By Mondipa Fouzder >> Solicitors are still struggling to get on the bench, with numbers falling over the past year, according to the latest judicial diversity statistics. Figures published by the Courts and Tribunals Judiciary today show that solicitors accounted for 1,098 judges as at 1 April – compared with 1,154 last year.

Nearly eight in 10 solicitors are district judges sitting in the county court. Only one solicitor is a High Court judge.
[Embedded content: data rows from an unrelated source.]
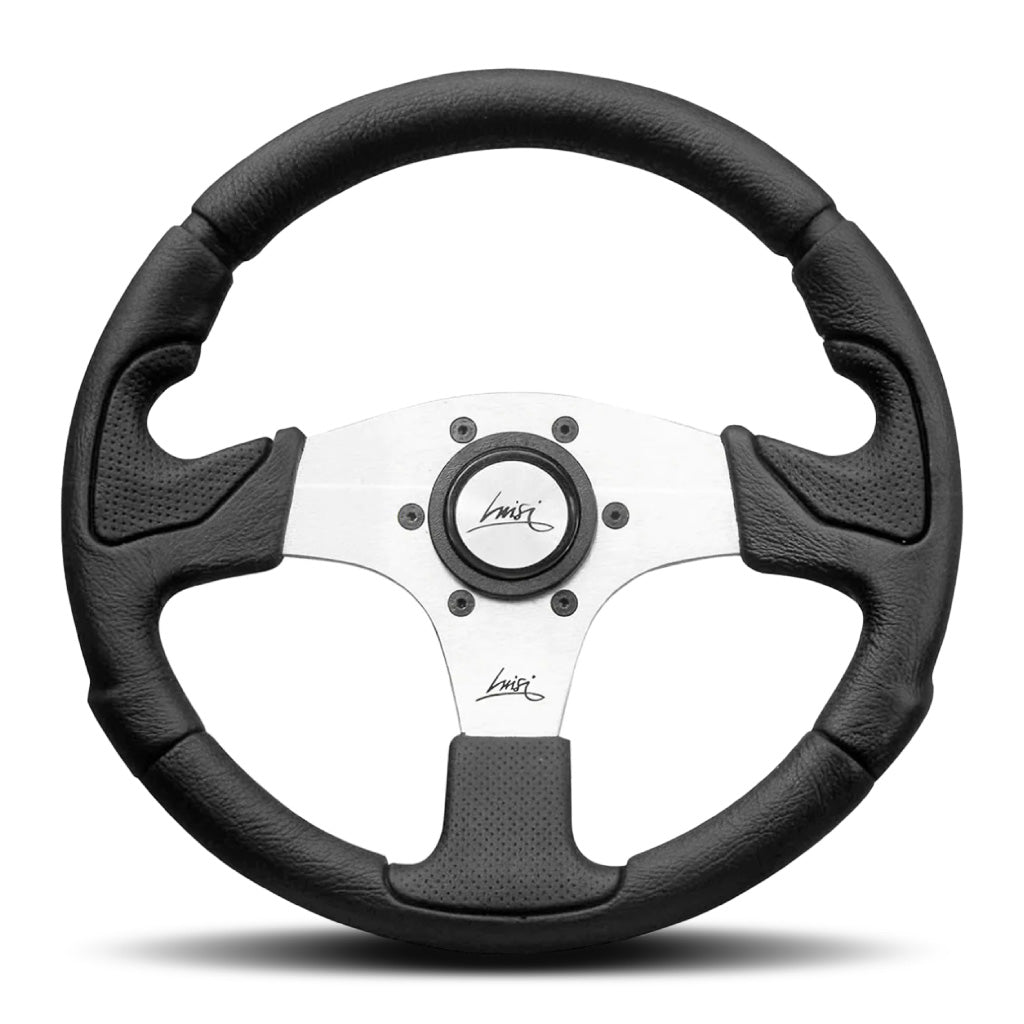 Luisi Kobra Steering Wheel - Black Polyurethane Silver Spokes 320mm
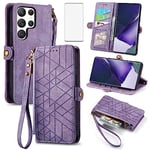 Asuwish Phone Case for Samsung Galaxy S22 Ultra 5G Wallet Cover with Tempered Glass Screen Protector Flip Zipper Card Holder Stand Cell Accessories S22ultra 22S S 22 S22ultra5g 6.8 Women Men Purple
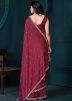 Maroon Embroidered Saree In Crape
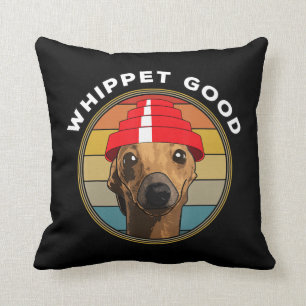 Whippet Good Funny 80s Music Dog Design Throw Pillow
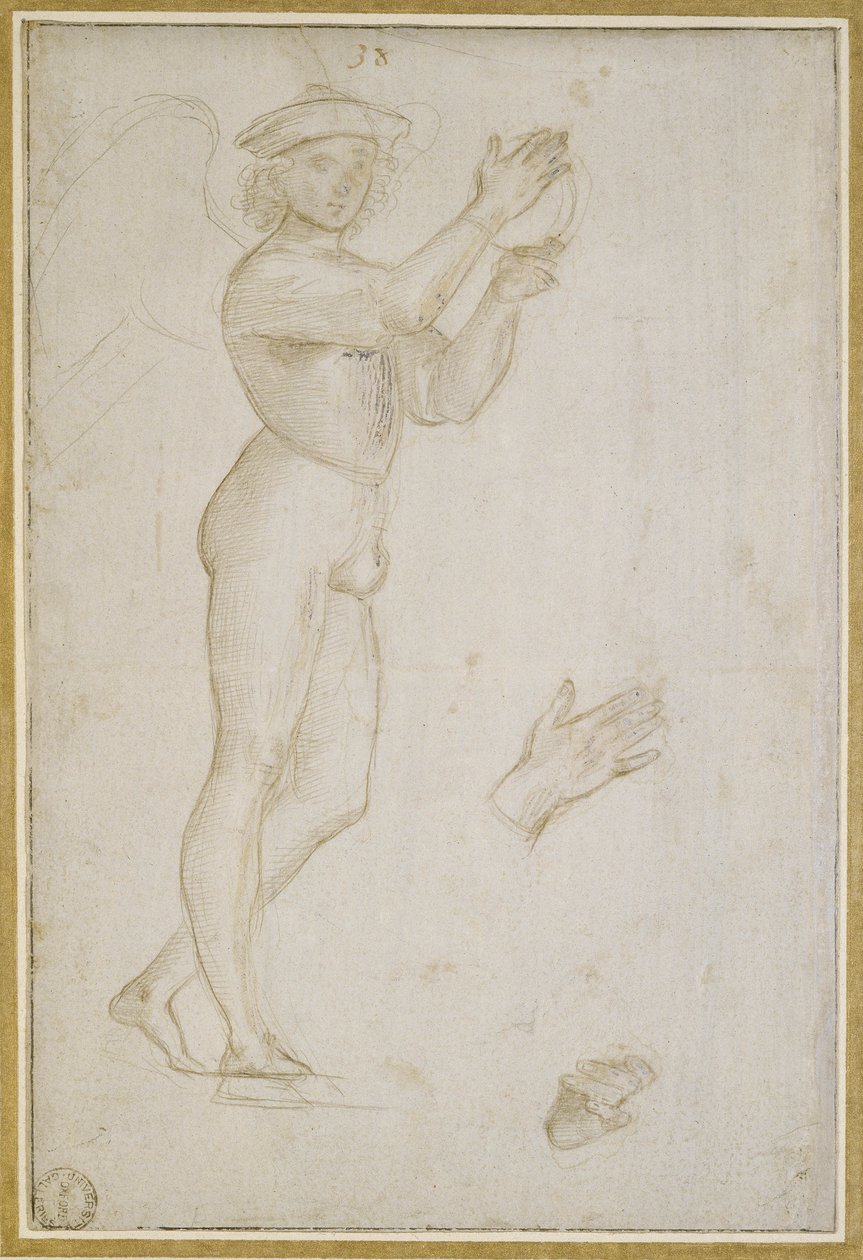 Estudio de un joven haciendo música de Raphael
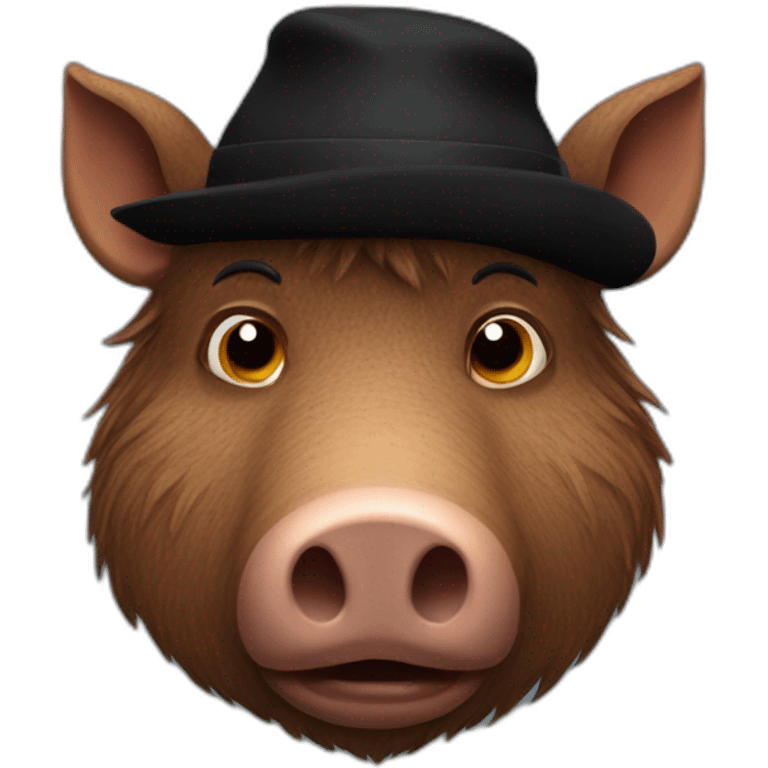 fullface emotionless big brown boar with black winter hat emoji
The population of barrister judges is 2,090, of which 105 sit in the High Court.

Although overall figures suggest that the proportion of female, and black and minority ethnic judges will increase over time, the numbers show only small progress.

The number of female Court of Appeal judges remains the same as last year, at eight out of 39. In the High Court, 22 of 106 judges are women, compared with 21 last year.

The number of female circuit judges has increased from 146 last year to 160 this year.

Women account for 51% of the 85 courts judges under the age of 40, compared with 53% last year. However, 64% of tribunal judges under the age of 40 are women, compared to 56% last year.

The percentage of court judges who identify as black, Asian and minority ethnic is 5% – one percentage point down on last year. The figure remains stable, at 9%, in tribunals.

The proportion of BAME judges under the age of 40 is 8% in courts, compared with 6% last year; and 14% in tribunals, compared to 15% last year.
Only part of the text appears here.